Le sourire de «Maman Caro» en dit long: elle voit l’avenir avec optimisme. Pourtant, lorsque nous avons entamé notre balade dans les rues de la commune de Kasa-Vubu, à Kinshasa, la première chose qu’elle m’a demandée c’est: «Papa, tu vois la misère, ici?». Il aurait fallu être aveugle pour ne pas la voir, la sentir, et l’entendre, cette misère. Mais il aurait fallu aussi être frappé de cécité pour ne pas relever l’action de l’association «Debout Maman Malewa», dont «Maman Caro» est la vice-présidente. Un «malewa», en lingala, c’est un petit point de restauration très rudimentaire, comme celui qu’on voit sur la photo. Ce sont des femmes qui les tiennent: elles font vivre leur famille, en nourrissant des millions de Kinois pour trois fois rien, chaque jour. L’association dont «Maman Caro» est la vice-présidente est née à l’initiative de la chaire de dynamique sociale de l’université de Kinshasa. Au départ d’une étude, des formations ont été mises sur pied (hygiène, conservation des aliments, gestion des «stocks», gestion financière) à l’intention de ces femmes, qui se sont fédérées. Et cela marche.
Au cours de cette visite d’une semaine dans la capitale congolaise, les mots que j’ai entendus le plus souvent sont ceux de «mauvaise gouvernance». Et c’est vrai que rien ne paraît fonctionner dans ce pays immense. Rien sauf la bonne volonté des citoyens, qui veulent s’en sortir, et qui affichent un éternel sourire. Les «Mamans Malewa» sont de celles-là. Mais il y a aussi les délégués de mutuelles de santé, qui ont tenu une réunion de trois jours de très haut niveau, en début de semaine dernière. Ils deviennent petit à petit des partenaires crédibles dans l’établissement d’un système de santé décent… que l’État devra compléter.

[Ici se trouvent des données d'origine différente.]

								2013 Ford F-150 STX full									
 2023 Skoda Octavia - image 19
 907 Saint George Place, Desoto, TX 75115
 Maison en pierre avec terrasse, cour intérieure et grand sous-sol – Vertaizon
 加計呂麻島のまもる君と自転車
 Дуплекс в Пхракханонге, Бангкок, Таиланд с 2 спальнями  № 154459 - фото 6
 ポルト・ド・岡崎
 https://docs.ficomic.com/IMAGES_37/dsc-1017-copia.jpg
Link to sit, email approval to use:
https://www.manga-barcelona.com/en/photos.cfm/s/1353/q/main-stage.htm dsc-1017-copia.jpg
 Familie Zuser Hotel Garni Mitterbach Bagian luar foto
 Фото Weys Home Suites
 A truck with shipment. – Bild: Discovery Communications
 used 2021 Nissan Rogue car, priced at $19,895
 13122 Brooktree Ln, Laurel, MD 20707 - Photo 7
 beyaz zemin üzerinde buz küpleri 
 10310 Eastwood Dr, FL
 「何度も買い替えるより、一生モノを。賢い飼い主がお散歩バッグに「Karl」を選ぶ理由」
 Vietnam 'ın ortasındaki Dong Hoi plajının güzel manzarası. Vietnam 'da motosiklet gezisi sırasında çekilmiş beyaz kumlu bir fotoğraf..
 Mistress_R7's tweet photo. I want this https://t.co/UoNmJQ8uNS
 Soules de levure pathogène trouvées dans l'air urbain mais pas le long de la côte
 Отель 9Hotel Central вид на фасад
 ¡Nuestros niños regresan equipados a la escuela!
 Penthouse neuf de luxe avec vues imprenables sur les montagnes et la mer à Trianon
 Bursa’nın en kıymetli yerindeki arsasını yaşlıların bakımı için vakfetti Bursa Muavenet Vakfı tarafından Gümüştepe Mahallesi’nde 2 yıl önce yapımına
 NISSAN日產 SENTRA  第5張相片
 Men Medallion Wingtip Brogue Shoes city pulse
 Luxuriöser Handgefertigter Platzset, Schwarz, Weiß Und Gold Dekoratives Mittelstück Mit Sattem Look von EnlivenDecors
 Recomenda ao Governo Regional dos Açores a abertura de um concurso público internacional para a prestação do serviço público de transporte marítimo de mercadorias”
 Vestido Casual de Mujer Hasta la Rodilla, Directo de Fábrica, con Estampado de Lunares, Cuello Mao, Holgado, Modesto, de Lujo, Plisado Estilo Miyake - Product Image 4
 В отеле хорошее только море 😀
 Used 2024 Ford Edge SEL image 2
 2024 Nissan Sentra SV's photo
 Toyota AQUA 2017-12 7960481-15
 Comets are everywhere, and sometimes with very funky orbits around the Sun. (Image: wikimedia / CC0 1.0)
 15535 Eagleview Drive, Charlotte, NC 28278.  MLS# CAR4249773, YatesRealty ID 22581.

On est loin du compte: les services étatiques ne fonctionnent simplement pas en RDC. Pas de transports publics efficaces, pas de postes, hôpitaux, écoles et prisons qui ne sont pas gérés: on cherche en vain des signes d’émergence d’un État dominé par les pays partenaires étrangers, Chine et Inde en tête, mais sans oublier les pays européens dont la Belgique. Faute de sursaut, ce pays risque de devenir un immense Haïti à l’échelle africaine. Les élections présidentielles et législatives de 2011 peuvent marquer l’amorce de ce sursaut. Mais je fais personnellement plus confiance à ces «Mamans» et ces «Papas», sans lesquel(le)s la catastrophe se serait déjà produite depuis longtemps. Leur courage a de quoi inspirer!